You were saying before that in Cairo, a kid helped you find your way back to a main area. How does being dependent on other people for direction change the travel experience? Does it shake your sense of self-sufficiency? Or does it remind you that all travelers are always dependent on other people? Or something else?

It definitely does not shake my sense of self-sufficiency. In my book, self-sufficiency is an illusion that travelers maintain to their detriment and peril. One of the great lessons of travel for me has been and is the interconnectedness of us all — i love meeting people on the road and getting glimpses into their everyday lives. Getting lost and seeking help has turned out to be one way of doing this. I think this has deeply enriched my travel experiences. The anthology I edited, The Kindness of Strangers, which was originally inspired by my own experiences on the road, is full of travelers’ tales that illustrate this lesson.

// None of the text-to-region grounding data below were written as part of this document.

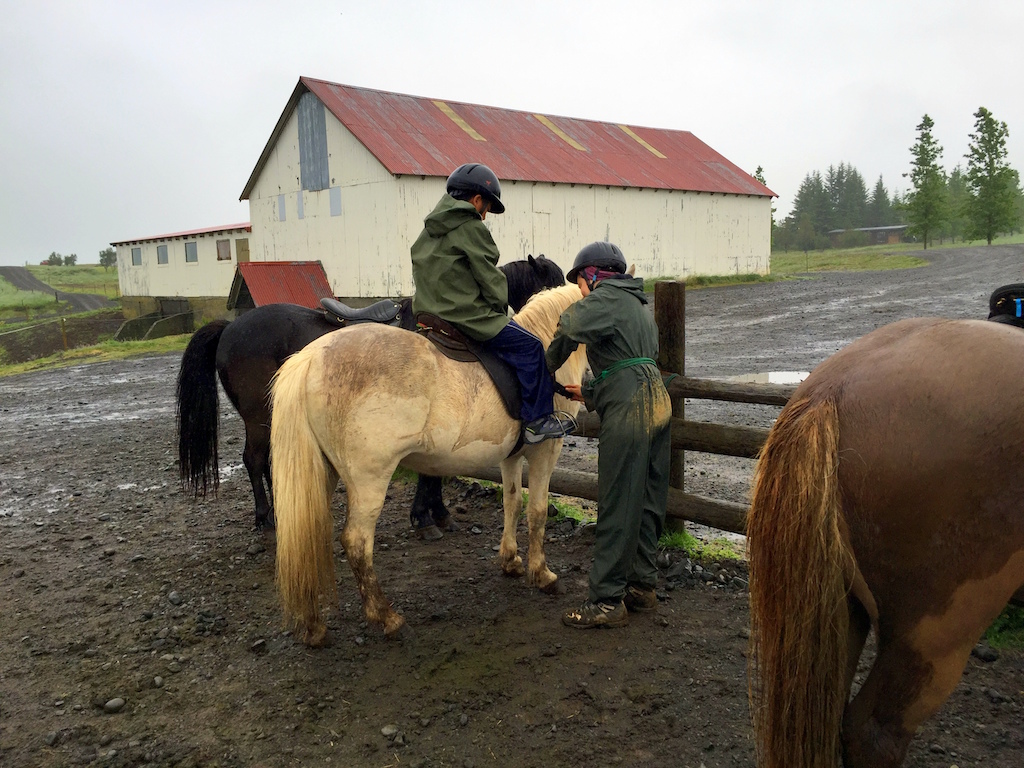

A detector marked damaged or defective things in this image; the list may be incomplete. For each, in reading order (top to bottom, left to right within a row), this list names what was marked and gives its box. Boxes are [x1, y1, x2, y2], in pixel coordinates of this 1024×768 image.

rusty red roof lean-to [241, 75, 774, 198]
rusty red roof lean-to [226, 260, 333, 311] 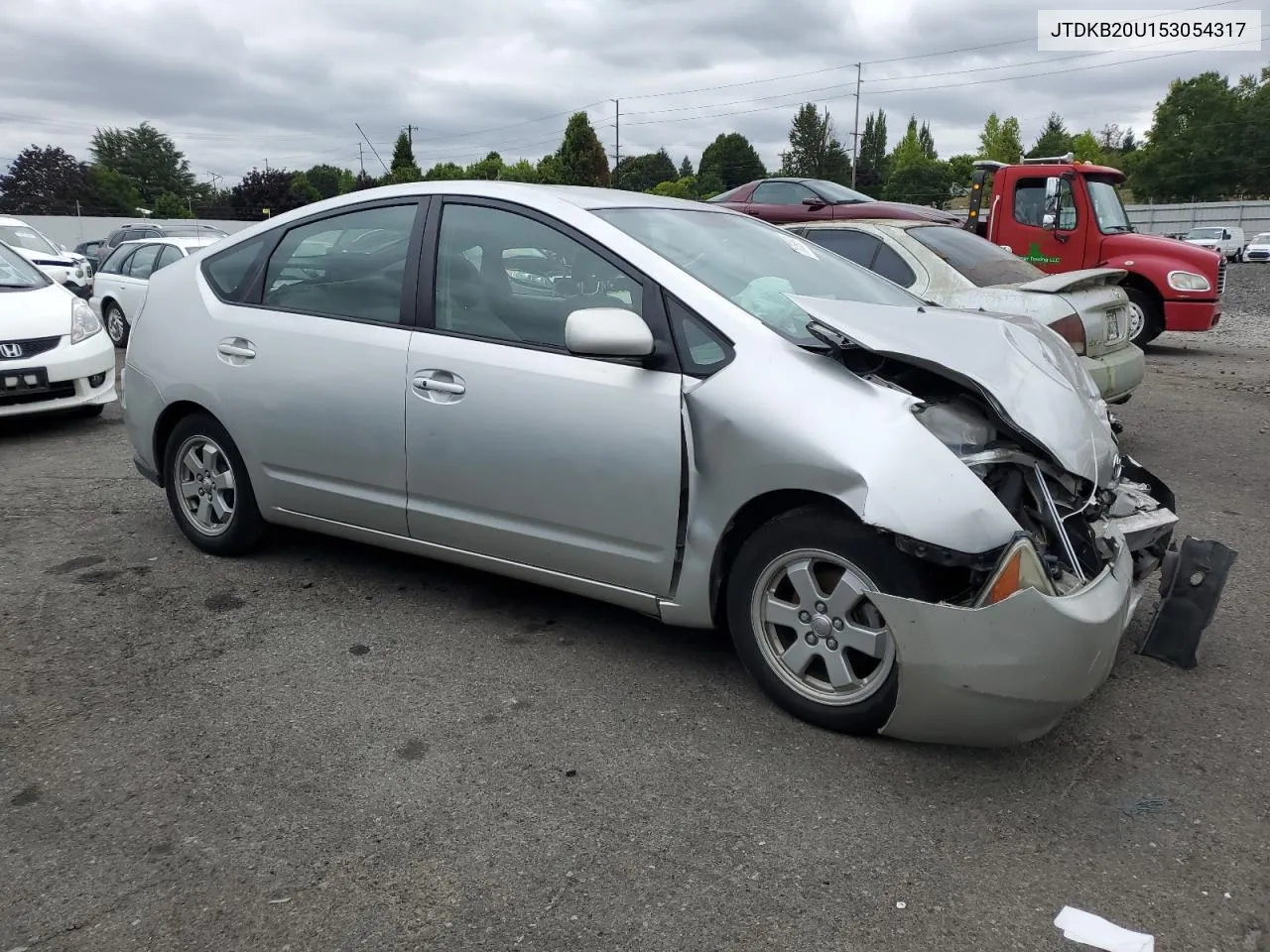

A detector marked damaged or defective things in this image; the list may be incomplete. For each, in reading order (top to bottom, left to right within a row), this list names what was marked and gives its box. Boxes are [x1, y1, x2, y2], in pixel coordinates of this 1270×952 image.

damaged silver toyota prius [124, 182, 1238, 746]
crumpled hood [794, 296, 1119, 488]
broken headlight [917, 401, 996, 460]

Have you ever met anyone who’s more lost than you?

I have definitely met people who seem to have the same directional proclivity. And of course, it depends on the context: One of my delights has become helping people who are staring quizzically at maps — they are legion in San Francisco — find their way.

Ha! I seem to remember having to give you directions in San Francisco. Are you an expert on the place now?

That’s right! I figured we should have an adventure in my hometown…. I’m generally pretty good at helping visitors get to the main tourist attractions/neighborhoods they want to visit. When are you coming back? 😉

Don George’s new anthology, “A Moveable Feast: Life-Changing Food Adventures Around the World” (Lonely Planet), is coming out in mid-October.